- Born: August 26, 1850 Charleston, South Carolina
- Died: July 13, 1913 (aged 62) Columbia, South Carolina
- Occupations: Lawyer, Professor
- Political party: Republican

= Joseph W. Morris (educator) =

American lawyer

Joseph W. Morris (August 26, 1850 - September 13, 1913) was an African-American lawyer and professor in South Carolina. He was principal of Allen University in the 1880s and 1890s.

==Biography and career==

Joseph W. Morris was born in Charleston, South Carolina of free parents, John B. Morris and Grace Morris. He attended private school in Charleston taught by Simeon Beard, and after the US Civil War, attended public schools there. As a student, he worked in printing in the afternoons for R. Bruce Elliot at the Charleston Leader, and then with Richard H. Cain at the Missionary Record. At the Normal school of Charleston, one of his teachers was Francis Lewis Cardozo. In 1868, he enrolled at Howard University and graduated in June 1875. That fall he returned to South Carolina, enrolling in the law school at South Carolina University in Columbia, South Carolina. Franklin J. Moses, Sr., then chief justice of the South Carolina Supreme Court, gave Morris financial support and was one of his teachers and mentors in law school. In 1876, he was elected commissioner of public schools in Charleston and was nominated for state legislature, but declined both to finish his studies. Morris graduated with distinction in December 1876. He passed the South Carolina bar and began practicing law.

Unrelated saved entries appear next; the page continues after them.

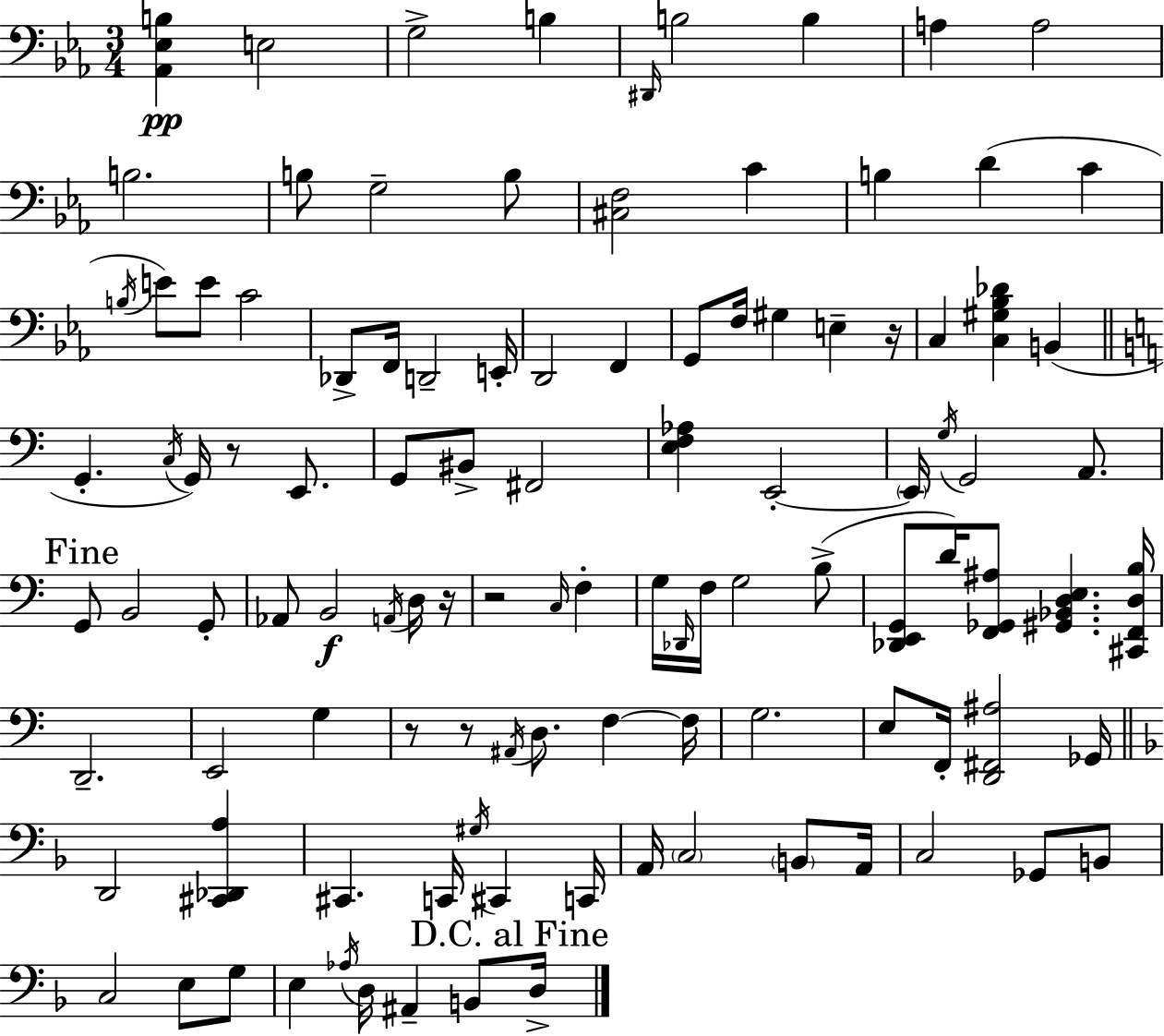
{
  \clef bass
  \numericTimeSignature
  \time 3/4
  \key c \minor
  <aes, ees b>4\pp e2 | g2-> b4 | \grace { dis,16 } b2 b4 | a4 a2 | \break b2. | b8 g2-- b8 | <cis f>2 c'4 | b4 d'4( c'4 | \break \acciaccatura { b16 } e'8) e'8 c'2 | des,8-> f,16 d,2-- | e,16-. d,2 f,4 | g,8 f16 gis4 e4-- | \break r16 c4 <c gis bes des'>4 b,4( | \bar "||" \break \key c \major g,4.-. \acciaccatura { c16 } g,16) r8 e,8. | g,8 bis,8-> fis,2 | <e f aes>4 e,2-.~~ | \parenthesize e,16 \acciaccatura { g16 } g,2 a,8. | \break \mark "Fine" g,8 b,2 | g,8-. aes,8 b,2\f | \acciaccatura { a,16 } d16 r16 r2 \grace { c16 } | f4-. g16 \grace { des,16 } f16 g2 | \break b8->( <des, e, g,>8 d'16) <f, ges, ais>8 <gis, bes, d e>4. | <cis, f, d b>16 d,2.-- | e,2 | g4 r8 r8 \acciaccatura { ais,16 } d8. | \break f4~~ f16 g2. | e8 f,16-. <d, fis, ais>2 | ges,16 \bar "||" \break \key f \major d,2 <cis, des, a>4 | cis,4. c,16 \acciaccatura { gis16 } cis,4 | c,16 a,16 \parenthesize c2 \parenthesize b,8 | a,16 c2 ges,8 b,8 | \break c2 e8 g8 | e4 \acciaccatura { aes16 } d16 ais,4-- b,8 | \mark "D.C. al Fine" d16-> \bar "|."
}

He worked in law for a very short time before becoming principal of Payne Institute. He held this position for four years until it was merged into Allen University in 1880. At Allen University, he served as professor of mathematics and ancient language, instructor of the Normal and Preparatory department, and secretary and instructor of the law department. February 14, 1884, Morris married Lizzy Perry at the AME Church in Georgetown, South Carolina. In 1885 he was elected president of Allen University. In the 1890 gubernatorial election, Morris led a group of black Republicans who endorsed Democrat Alexander Cheves Haskell for governor in a campaign that did not include a Republican. Haskell's opponent, Ben Tillman, sought to disenfranchise blacks in the state, and many white Republicans supported Haskell, but other black Republicans disagreed with Morris and opposed both Tillman and Haskell because Haskell had been involved in suppressing black votes in the 1876 gubernatorial election.

In 1893 he was appointed honorary vice president of the educational department of the 1893 Columbian Exposition in Chicago by the United States Commission of Education. He held the position of president of the University at least until 1895 and was vice president in the 1900s. Morris died Saturday, September 13, 1913 in Columbia, South Carolina. Williams was a member of the African Methodist Episcopal Church.